Saturday soccer school was launched and now over 100 youngsters take part in the weekly sessions.
Matt Bayes who coaches the Darley Dynamos Under sevens team said: “The kids love it, they can’t get enough of it.
“I think quite a few of the kids wouldn’t be playing football if Darley Dale Juniors hadn’t set up all these teams.”
He added: “It is really down to all the time and effort the people who started it up again have put in to the club that makes it a success.”
There’s plenty to keep youngsters occupied in Darley Dale and the town also has a thriving Cubs and Beavers group.
However Wendy Winter who has been running the youth movement with her husband Nigel for over 12 years is set to retire next July and is appealing for new leaders to keep the group going.
They meet at the Scout hut opposite Churchtown School on Monday evening (Beavers) and Wednesday evening (Cubs).
She said: “We don’t have a Scout group because there aren’t enough leaders so children have to go to Matlock.
“I’ve been involved in it from when my children were in the Cubs. They sent out a desperate appeal for helpers and I’ve been there ever since.

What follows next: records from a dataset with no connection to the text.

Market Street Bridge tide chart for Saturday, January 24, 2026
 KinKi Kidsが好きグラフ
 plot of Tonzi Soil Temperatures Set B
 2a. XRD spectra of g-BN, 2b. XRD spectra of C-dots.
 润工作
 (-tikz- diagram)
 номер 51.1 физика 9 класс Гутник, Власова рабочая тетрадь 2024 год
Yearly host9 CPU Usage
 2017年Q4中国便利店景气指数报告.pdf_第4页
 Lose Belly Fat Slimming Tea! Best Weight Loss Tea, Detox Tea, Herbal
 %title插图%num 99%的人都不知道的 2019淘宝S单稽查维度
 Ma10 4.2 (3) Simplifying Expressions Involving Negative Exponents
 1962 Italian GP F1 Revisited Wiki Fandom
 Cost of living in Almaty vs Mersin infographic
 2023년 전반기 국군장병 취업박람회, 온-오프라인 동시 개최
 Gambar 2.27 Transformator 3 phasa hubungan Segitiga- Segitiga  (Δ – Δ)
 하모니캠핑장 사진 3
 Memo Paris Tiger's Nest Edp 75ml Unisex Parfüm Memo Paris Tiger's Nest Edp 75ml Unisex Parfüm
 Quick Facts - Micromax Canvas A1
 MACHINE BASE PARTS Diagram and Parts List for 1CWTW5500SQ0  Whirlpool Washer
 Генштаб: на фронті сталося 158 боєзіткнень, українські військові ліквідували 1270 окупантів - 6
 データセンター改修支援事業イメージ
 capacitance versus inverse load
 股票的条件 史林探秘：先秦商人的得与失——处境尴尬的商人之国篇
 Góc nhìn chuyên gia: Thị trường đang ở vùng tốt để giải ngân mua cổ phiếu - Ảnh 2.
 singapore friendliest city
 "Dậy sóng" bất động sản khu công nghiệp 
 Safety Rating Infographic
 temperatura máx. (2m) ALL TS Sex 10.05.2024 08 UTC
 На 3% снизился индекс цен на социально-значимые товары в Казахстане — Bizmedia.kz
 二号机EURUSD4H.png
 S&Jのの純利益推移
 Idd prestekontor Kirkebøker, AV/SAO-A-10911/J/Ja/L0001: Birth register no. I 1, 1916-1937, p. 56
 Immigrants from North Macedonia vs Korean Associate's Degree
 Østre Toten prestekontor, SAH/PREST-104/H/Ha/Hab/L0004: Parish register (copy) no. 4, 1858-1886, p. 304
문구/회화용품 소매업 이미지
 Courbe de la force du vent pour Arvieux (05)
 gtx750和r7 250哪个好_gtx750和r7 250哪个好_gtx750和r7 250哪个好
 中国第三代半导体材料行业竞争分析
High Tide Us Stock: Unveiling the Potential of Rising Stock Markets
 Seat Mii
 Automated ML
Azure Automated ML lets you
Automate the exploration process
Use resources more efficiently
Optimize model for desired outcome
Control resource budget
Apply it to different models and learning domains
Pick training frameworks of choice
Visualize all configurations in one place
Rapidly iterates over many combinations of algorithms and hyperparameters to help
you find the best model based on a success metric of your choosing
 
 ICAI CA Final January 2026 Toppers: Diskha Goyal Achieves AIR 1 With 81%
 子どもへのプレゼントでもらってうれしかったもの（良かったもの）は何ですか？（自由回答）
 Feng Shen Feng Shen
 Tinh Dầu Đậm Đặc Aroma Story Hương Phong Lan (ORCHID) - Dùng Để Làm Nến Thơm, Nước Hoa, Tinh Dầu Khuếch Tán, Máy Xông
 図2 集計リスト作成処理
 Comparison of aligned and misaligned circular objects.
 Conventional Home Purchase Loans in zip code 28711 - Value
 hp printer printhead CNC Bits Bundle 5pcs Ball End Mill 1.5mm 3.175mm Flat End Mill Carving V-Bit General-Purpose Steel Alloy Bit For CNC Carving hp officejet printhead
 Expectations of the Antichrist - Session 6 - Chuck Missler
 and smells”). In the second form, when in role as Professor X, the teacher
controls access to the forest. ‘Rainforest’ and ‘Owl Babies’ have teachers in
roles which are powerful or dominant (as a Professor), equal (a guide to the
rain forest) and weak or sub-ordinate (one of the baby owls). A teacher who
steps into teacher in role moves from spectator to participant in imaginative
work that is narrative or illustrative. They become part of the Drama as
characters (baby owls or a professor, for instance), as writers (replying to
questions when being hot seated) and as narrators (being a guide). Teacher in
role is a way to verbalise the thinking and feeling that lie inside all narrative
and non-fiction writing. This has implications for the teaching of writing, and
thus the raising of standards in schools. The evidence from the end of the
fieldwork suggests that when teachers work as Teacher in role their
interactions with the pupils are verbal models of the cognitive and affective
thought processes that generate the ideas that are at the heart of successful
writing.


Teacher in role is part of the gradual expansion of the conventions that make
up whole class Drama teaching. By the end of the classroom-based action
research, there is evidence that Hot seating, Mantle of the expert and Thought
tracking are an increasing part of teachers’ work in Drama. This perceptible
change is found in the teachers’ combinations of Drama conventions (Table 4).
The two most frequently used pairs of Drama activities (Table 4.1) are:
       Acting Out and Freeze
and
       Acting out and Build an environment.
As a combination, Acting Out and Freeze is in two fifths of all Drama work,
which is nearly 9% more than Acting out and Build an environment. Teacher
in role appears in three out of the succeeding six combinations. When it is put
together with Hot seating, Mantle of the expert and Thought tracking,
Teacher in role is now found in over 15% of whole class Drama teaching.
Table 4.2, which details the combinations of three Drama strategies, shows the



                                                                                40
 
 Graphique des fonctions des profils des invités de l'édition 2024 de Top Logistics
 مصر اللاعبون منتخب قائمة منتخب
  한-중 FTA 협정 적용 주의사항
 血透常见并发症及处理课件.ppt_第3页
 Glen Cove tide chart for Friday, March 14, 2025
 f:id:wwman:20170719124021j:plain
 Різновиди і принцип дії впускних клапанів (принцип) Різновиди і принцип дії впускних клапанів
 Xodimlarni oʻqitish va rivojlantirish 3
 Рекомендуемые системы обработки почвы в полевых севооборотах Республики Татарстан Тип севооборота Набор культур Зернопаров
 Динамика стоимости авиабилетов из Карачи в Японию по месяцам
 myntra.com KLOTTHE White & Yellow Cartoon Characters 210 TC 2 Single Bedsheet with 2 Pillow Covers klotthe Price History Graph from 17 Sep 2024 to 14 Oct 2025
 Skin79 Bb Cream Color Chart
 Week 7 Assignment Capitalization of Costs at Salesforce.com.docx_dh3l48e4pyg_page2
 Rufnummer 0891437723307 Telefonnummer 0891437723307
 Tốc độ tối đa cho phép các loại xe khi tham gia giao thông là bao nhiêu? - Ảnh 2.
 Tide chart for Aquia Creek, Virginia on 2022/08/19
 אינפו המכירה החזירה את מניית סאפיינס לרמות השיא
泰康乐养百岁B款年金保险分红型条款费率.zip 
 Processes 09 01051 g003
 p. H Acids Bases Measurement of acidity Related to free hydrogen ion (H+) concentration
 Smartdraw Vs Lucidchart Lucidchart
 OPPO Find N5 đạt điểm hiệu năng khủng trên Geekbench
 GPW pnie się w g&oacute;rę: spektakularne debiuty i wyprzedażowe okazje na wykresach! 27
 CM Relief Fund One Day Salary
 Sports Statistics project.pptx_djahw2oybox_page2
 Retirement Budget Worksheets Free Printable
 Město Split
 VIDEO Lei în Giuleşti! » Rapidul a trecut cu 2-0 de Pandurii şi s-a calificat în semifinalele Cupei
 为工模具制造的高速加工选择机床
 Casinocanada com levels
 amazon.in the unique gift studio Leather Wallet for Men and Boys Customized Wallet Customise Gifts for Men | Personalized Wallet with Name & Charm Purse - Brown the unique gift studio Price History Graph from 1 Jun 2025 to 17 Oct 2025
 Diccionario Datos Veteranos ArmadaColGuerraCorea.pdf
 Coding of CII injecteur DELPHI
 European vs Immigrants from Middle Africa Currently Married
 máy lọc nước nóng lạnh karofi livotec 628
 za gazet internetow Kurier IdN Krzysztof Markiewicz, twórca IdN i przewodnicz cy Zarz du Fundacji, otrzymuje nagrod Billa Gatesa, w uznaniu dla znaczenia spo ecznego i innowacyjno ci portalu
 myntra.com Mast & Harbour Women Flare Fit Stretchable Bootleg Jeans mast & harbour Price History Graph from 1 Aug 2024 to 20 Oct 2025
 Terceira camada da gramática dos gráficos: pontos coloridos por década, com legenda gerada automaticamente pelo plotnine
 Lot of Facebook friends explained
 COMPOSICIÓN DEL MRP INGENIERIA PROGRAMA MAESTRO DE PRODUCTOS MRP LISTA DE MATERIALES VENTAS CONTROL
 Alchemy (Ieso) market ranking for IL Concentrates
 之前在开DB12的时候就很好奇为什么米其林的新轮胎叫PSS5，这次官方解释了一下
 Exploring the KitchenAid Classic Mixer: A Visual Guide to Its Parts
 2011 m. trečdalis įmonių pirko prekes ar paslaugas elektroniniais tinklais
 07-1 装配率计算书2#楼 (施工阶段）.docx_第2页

“You do get a lot out of it and the children enjoy it too. They never seem to want to leave us and there is always a waiting list. I hope someone will be willing to get involved.”
The town is well served by many groups and organisations including a horticultural society, several sports teams and a brass band that was originally formed in 1890.
The band folded in 1965 but reformed in 1984 going from strength to strength and competing at the Regional Brass Band Championships, claiming first prize in 1989.
Unfortunately numbers have dwindled again and euphonium player Keith Sheldon, who has been a member of the band for 65 years, is making a last-ditch plea for members to ensure his beloved band survives.
Currently only eight regular members come to the meetings on Mondays at 7.30pm in South Darley Village Hall.
Mr Sheldon, who joined the band in 1947, when he was seven-years-old, said: “It is a pride to play music in the town. I’m very fond of the band and don’t want to see it finish.”
Modern Darley Dale owes its status to the road and rail links developed early in the nineteenth century, with the A6 trunk road being driven through in 1824, and the railway 25 years later.
The once railway village was home to the Mill Close Mine – the last major lead mine in the Peak District which closed in 1939.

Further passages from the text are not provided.